*Aim of the exercise*: Could you give back every entry below exactly, with the pictures dropped?

*Data provided*:

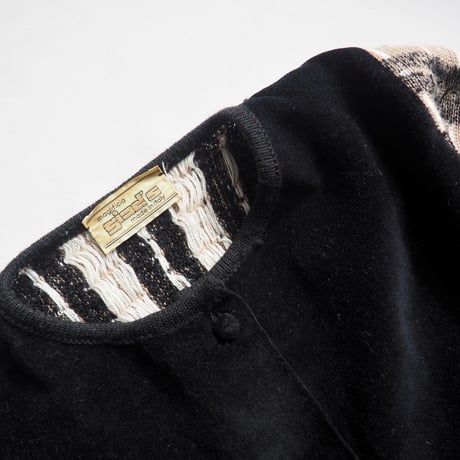 "maglificio Giad's" switching design cardigan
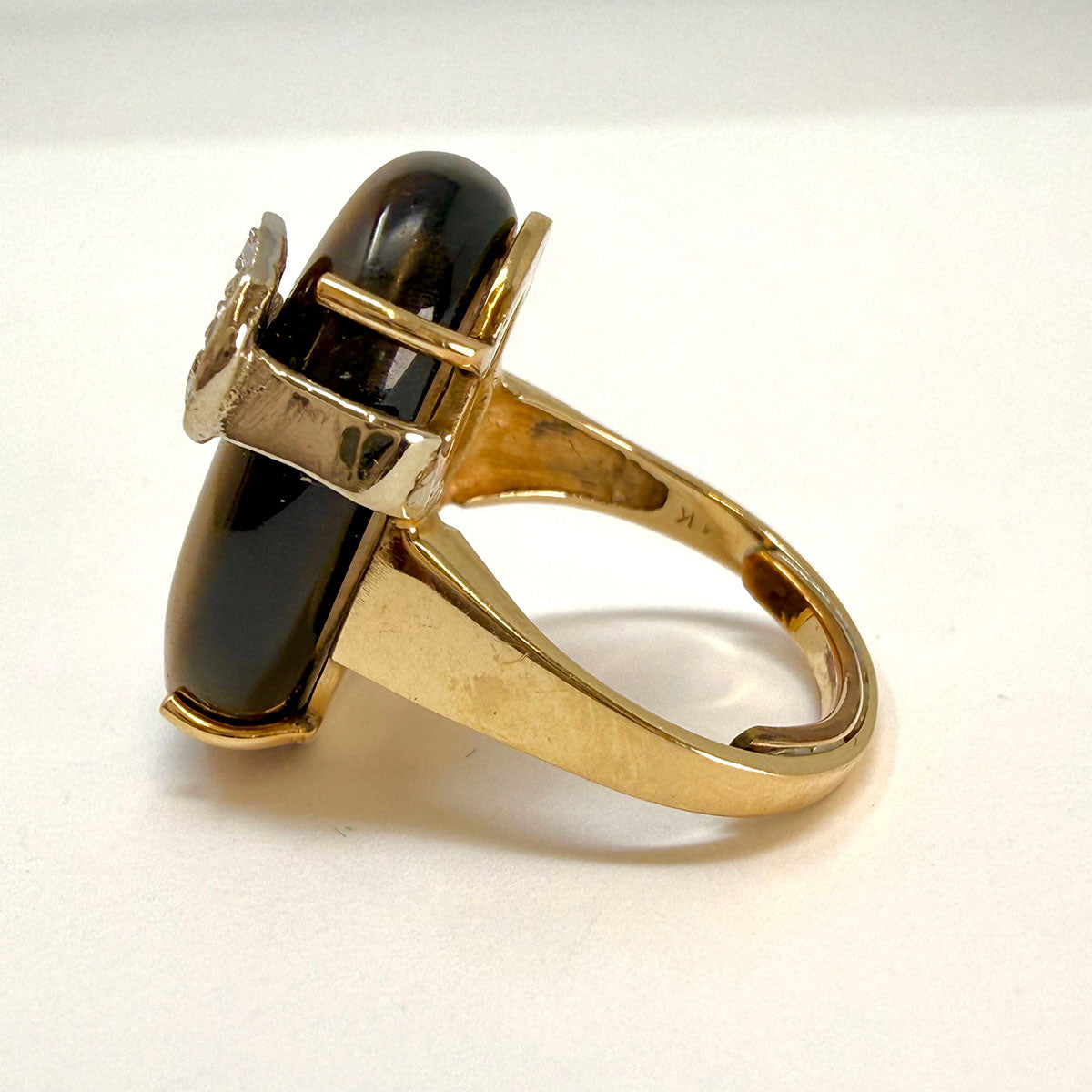 Tiger's Eye Ring
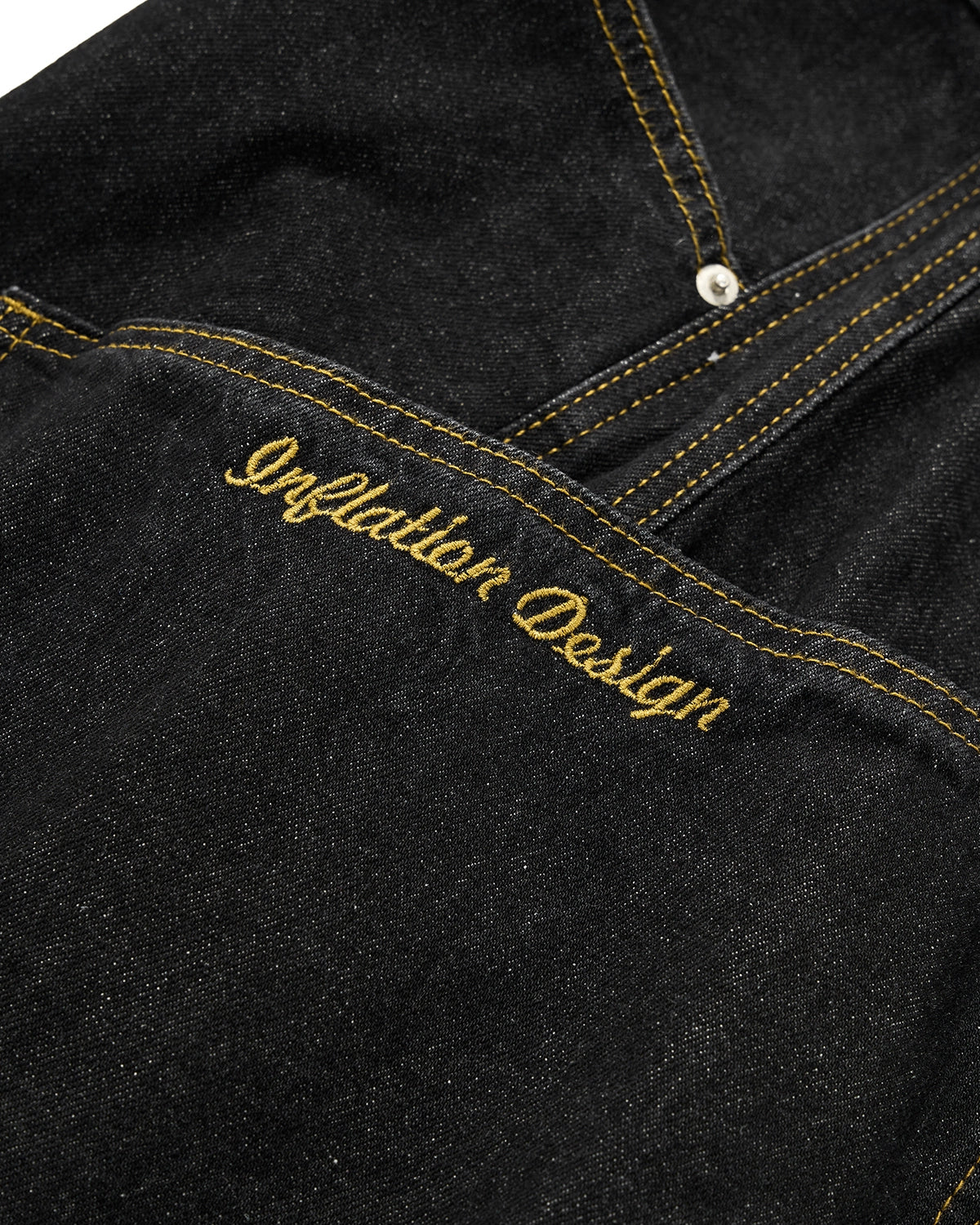 Super Raw Barrel Jeans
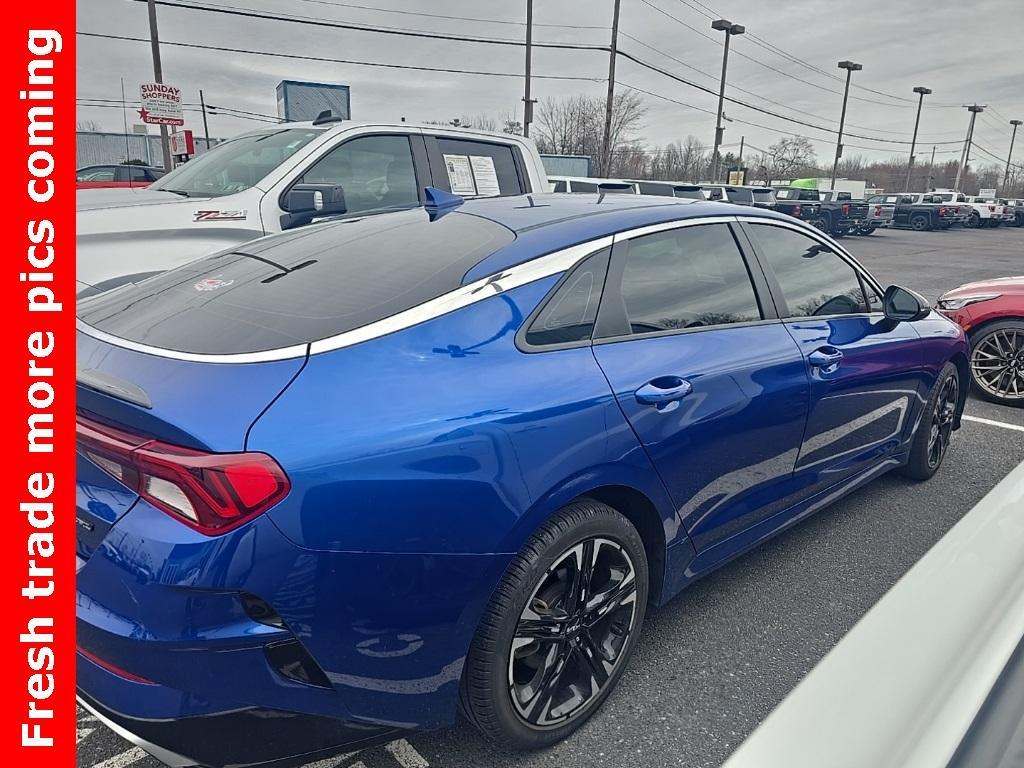 used 2022 Kia K5 car, priced at $25,995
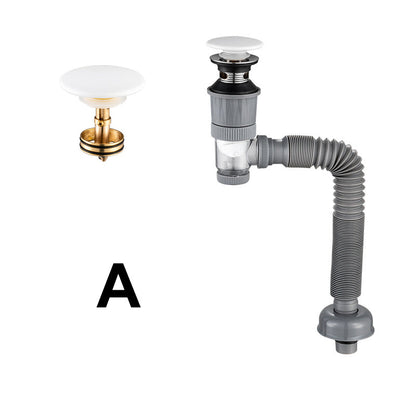 Universal Anti-Odor Sink Drain Assembly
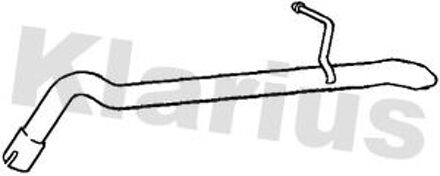 Ford Uitlaatpijp 130514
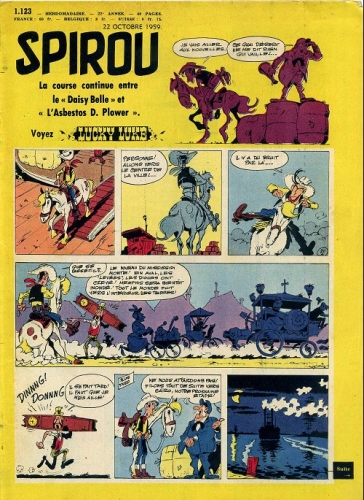 Le Journal de Spirou # 1123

*Finished exercise*:
 "maglificio Giad's" switching design cardigan
 Tiger's Eye Ring
 Super Raw Barrel Jeans
 used 2022 Kia K5 car, priced at $25,995
 Universal Anti-Odor Sink Drain Assembly
 Ford Uitlaatpijp 130514
 Le Journal de Spirou # 1123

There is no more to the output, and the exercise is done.